I have updated my Stock Market Forecast page with the latest system I’m testing.  You can read the explanation there in detail.  The quick summary is that I’m doing two models (4-week and 13-week), both using a linear regression model (a statistical way of finding a straight-line relationship between a set of variables and a calculated outcome) that involves four different technical analysis data points.

I graph the forecasts for each model over the coming 4-week or 13-week period, as well as lines that show the overlap between the 95% confidence intervals for each model.  In a sense, I am looking for where both models agree about the direction of the S&P 500.

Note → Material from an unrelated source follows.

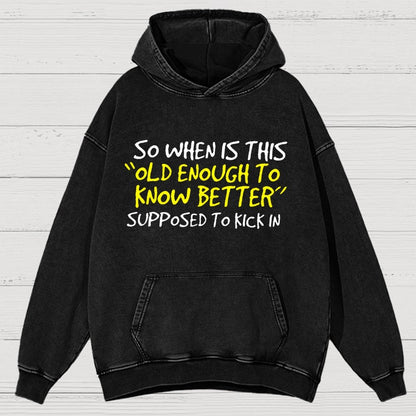 So When Is This Old Enough To Know Better Supposed To Kick In Vintage Distressed Hoodie
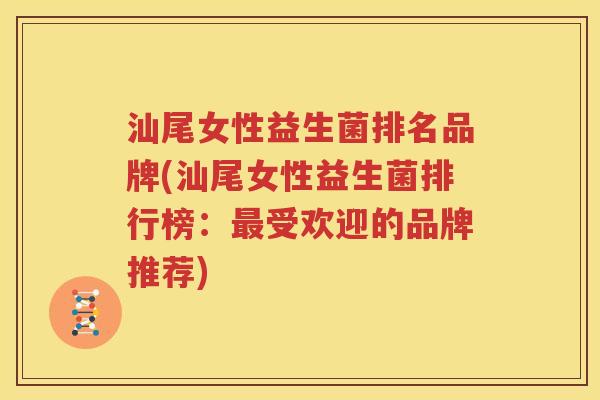 汕尾女性益生菌排名品牌(汕尾女性益生菌排行榜：最受欢迎的品牌推荐)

Lastly, I will issue a weighted combination forecast each week in my update post.  This represents a weighted average between where the two models think the S&P 500 will close this upcoming week.  The weights are based on how sure each model is – that is, using the “standard error” for the regression analysis.

Performance of Last Week’s Forecast

Both models mistakenly predicted that the S&P 500 would rise for the week.  The 13-week model was much closer to the actual closing level (2.67 percent too optimistic versus 6.11 percent for the 4-week model) of the S&P 500 at the end of the week.  The accuracy of each model’s forecast (how close it was to the final S&P 500 level, regardless of the direction being correct) was best, if you can call it that, in the final week.  The actual closing level of the S&P 500 was inside the 95 percent confidence interval for both models but only for the final estimate they made – i.e., just one week in advance.  All in all, it was another miserable performance for both models.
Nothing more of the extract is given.